§ **What this task involves**: Each line from the one containing "The best Cape Town restaurants with a great view The" through the final line of the records is to be repeated exactly, with no additions.
══════════════════════════════
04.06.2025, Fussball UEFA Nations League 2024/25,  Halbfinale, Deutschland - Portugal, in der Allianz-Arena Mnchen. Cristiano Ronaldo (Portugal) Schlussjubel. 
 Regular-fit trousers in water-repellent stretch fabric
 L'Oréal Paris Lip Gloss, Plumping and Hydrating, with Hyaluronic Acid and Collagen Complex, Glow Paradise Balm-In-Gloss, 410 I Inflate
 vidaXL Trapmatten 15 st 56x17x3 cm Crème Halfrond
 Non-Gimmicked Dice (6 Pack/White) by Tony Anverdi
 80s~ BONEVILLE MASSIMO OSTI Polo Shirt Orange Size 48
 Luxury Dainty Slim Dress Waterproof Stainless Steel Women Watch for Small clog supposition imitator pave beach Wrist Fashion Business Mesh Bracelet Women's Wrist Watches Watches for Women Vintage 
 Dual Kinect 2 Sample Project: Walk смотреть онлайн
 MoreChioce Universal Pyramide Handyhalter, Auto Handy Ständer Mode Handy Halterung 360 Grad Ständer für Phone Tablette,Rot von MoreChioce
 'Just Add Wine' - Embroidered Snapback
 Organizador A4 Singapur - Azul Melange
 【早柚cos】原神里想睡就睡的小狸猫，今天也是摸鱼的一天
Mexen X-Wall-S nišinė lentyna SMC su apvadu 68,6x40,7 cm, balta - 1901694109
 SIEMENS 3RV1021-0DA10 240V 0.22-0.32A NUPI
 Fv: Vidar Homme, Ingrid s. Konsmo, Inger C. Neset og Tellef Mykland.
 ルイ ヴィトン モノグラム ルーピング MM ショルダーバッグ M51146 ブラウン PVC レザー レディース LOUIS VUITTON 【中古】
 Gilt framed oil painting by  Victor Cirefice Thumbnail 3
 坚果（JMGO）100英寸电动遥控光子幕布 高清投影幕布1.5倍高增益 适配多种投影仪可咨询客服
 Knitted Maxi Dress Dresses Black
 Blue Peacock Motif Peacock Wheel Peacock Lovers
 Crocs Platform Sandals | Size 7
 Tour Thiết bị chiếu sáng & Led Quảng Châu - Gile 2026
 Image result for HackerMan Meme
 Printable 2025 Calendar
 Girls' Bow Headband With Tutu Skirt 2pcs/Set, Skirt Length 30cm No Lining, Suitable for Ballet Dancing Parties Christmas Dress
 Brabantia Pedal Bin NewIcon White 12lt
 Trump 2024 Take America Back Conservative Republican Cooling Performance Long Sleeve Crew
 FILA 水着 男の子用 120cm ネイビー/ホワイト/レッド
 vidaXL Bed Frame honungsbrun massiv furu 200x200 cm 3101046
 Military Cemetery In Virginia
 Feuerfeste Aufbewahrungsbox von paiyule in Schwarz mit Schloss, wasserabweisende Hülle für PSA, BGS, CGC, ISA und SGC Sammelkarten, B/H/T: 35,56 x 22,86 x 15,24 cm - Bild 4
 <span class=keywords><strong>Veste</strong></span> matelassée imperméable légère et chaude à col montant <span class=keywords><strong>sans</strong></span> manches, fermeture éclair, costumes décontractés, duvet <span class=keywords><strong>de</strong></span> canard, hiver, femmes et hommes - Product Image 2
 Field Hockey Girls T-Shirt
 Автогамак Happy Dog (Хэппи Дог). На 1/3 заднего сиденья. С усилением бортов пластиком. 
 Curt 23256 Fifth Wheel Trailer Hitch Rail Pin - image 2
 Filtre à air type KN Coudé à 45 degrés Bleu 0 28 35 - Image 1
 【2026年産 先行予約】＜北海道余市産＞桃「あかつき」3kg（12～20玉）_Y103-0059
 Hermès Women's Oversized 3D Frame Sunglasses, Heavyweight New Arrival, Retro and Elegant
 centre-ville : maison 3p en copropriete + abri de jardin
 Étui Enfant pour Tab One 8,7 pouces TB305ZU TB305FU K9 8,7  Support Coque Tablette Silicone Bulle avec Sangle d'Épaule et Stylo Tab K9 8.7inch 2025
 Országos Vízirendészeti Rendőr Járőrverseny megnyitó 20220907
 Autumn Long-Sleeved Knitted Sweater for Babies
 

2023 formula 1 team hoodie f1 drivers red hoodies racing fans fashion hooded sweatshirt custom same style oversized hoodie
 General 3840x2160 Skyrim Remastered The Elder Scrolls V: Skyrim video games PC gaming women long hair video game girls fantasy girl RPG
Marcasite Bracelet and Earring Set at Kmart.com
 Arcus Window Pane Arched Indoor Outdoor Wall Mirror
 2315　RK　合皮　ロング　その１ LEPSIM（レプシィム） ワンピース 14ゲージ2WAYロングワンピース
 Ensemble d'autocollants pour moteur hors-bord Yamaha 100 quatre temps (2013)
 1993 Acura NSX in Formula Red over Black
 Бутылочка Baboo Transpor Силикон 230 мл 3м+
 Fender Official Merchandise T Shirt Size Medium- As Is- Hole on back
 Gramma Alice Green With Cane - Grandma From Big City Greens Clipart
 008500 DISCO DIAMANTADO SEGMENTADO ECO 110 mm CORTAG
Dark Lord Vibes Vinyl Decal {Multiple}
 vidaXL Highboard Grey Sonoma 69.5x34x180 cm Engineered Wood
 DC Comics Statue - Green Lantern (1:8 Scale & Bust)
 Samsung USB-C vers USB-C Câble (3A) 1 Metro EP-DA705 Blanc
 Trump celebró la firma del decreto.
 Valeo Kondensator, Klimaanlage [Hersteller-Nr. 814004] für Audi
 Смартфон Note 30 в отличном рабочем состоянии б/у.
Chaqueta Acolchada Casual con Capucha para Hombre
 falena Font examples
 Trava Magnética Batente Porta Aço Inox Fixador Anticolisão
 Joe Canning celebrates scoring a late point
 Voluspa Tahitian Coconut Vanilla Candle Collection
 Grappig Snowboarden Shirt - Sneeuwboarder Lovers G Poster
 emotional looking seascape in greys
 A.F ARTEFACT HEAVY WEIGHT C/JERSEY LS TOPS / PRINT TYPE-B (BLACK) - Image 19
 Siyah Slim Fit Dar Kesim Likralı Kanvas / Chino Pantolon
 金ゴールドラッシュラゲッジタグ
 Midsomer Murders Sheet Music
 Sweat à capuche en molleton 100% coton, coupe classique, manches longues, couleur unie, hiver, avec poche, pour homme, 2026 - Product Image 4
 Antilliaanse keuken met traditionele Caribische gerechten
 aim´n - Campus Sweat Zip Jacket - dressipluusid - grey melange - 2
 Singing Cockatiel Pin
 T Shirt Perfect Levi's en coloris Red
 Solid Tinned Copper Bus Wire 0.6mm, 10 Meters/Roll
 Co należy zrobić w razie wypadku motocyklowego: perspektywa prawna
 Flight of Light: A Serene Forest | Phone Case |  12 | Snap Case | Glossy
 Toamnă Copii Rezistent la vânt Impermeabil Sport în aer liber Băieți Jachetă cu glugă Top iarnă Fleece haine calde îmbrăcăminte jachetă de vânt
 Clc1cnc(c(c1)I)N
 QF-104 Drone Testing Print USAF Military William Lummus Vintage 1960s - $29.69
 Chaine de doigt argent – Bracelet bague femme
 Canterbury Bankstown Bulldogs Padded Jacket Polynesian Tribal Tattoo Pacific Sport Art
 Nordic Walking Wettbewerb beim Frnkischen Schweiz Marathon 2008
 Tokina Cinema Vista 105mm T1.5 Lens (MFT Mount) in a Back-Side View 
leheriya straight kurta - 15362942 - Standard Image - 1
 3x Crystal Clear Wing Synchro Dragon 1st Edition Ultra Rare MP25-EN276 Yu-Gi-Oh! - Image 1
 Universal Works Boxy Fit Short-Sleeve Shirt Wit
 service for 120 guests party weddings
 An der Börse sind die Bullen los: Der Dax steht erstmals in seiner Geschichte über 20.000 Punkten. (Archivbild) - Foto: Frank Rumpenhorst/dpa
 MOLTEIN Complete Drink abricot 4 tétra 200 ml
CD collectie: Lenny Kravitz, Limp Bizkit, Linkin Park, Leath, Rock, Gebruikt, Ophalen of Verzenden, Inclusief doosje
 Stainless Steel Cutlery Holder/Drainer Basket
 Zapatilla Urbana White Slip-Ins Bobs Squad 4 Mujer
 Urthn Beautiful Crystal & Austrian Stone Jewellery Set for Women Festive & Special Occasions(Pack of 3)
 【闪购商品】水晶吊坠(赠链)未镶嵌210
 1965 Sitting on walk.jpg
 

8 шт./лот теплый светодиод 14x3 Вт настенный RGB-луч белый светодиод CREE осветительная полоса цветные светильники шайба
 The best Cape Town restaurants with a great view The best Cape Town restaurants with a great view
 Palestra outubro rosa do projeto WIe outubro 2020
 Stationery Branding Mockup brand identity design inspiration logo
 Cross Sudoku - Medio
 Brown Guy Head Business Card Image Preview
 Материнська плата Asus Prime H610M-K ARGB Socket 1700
══════════════════════════════
§ **Response to the task**:
 The best Cape Town restaurants with a great view The best Cape Town restaurants with a great view
 Palestra outubro rosa do projeto WIe outubro 2020
 Stationery Branding Mockup brand identity design inspiration logo
 Cross Sudoku - Medio
 Brown Guy Head Business Card Image Preview
 Материнська плата Asus Prime H610M-K ARGB Socket 1700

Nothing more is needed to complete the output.